The judge-led Independent Committee investigating the deadly Wang Fuk Court blaze reopened a new phase of evidential hearings after an initial series that began on March 19. The fire in November that killed 168 residents has produced a complex record of contractor reports, management messages and maintenance work. Recent testimony includes claims that when residents and staff tried to deploy hoses during the emergency, no water flowed, prompting renewed scrutiny of pre-fire repairs and coordination among firms responsible for the estate’s safety systems.
Committee sessions have pulled together witness statements, photographs, phone logs and tens of thousands of documents; over one million items of evidence have been catalogued so far. The new round of hearings will call back several contractors and management figures to reconcile conflicting accounts about who authorised shutdowns, when water tanks were refilled and why the estate’s fire safety system was effectively disabled in the months leading up to the tragedy.

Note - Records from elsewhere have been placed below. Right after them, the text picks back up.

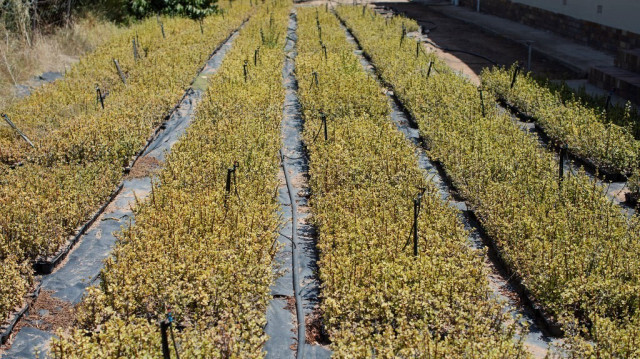 Des milliers de plants de spekboom dans la pépinière de Jobs4Carbon à Van Wyksdorp le 14 février 2024.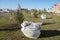 Spruce is planted next to a bag of soil in a wasteland in a residential area. Greening the city of Krasnoyarsk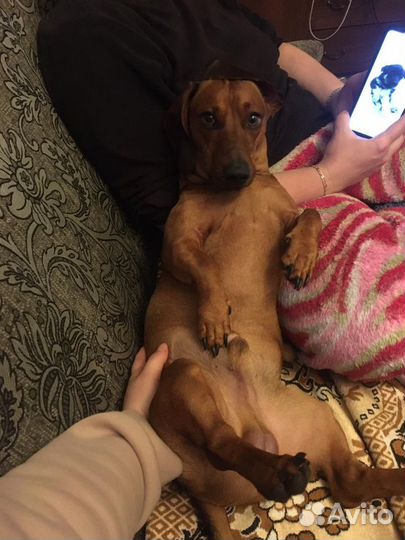 Такса вязка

Contractor testimony and disputed inspection records
Victory Fire Engineering, the registered fire service installation contractor that completed a routine inspection in March 2026, has returned to the witness stand. Its director and engineer described how staff told him roof tanks were undergoing maintenance and that their March check found no leaks. However, inspection forms later submitted bore entries suggesting problems with the tanks. The director said employees may have erred when completing paperwork and acknowledged he had not caught the inconsistency. Another worker testified that during the inspection the cement surfaces lacked tiles and showed no obvious leaks, a claim that the committee is probing against photographic and message evidence.
Unusual tiling works and quality assumptions
The estate’s maintenance specification included applying white tiles to the interior of the tanks — an approach the contractor described as uncommon for firefighting reserves because fire water tanks are designed to hold water for operational use rather than consumption. The tiling work reportedly stretched across several months, with the main contractor hiring a separate plumbing firm to apply for permissions to shut down the hydrant and hose network. That administrative route, and the long duration of works, are central to committee questions about whether standard safeguards were followed.
Shutdown approvals, power switches and timeline discrepancies
Evidence presented so far shows that a different specialist was engaged to process Fire Services Department notifications and that applications were filed repeatedly. The committee heard that the estate’s hydrant and hose circuit was formally taken offline multiple times and that the system effectively remained shut for a period starting in April 2026, lasting for more than six months in total. Victory Fire personnel discovered empty rooftop tanks in three blocks on Oct 16 and later determined all eight blocks were undergoing repairs. On Nov 19, they found the main power switch for the fire booster pump had been turned off in every block.
Conflicting management accounts and communications
Property management testimony has at times contradicted contractor claims. A management officer said she provided a formal shutdown notice to Victory Fire only after the fire, while committee counsel pointed to messages suggesting the tanks had been refilled — though available photos and timestamps raised questions about the timing of that refill. WhatsApp exchanges, internal photos and meeting records are being used to test who knew what and when. The committee has also heard about proxy voting practices at owners’ meetings and alleged gaps in how management verified participants and documented decisions related to safety works.
What the committee will examine next
The next phase of hearings will revisit key figures, including the Victory Fire director, to probe a 57-minute call he made with a technical officer at about 1:30 am on Nov 27, during the fire. Counsel will also pursue the sequence of applications filed to the Fire Services Department, the absence of onsite inspections by the firm that processed shutdown requests, and whether the extended outage of hydrant and hose systems reflected routine procedure or a deeper failure of coordination. Public registration for subsequent sessions is being opened online, and the panel intends to continue evidential hearings into May with details to be announced.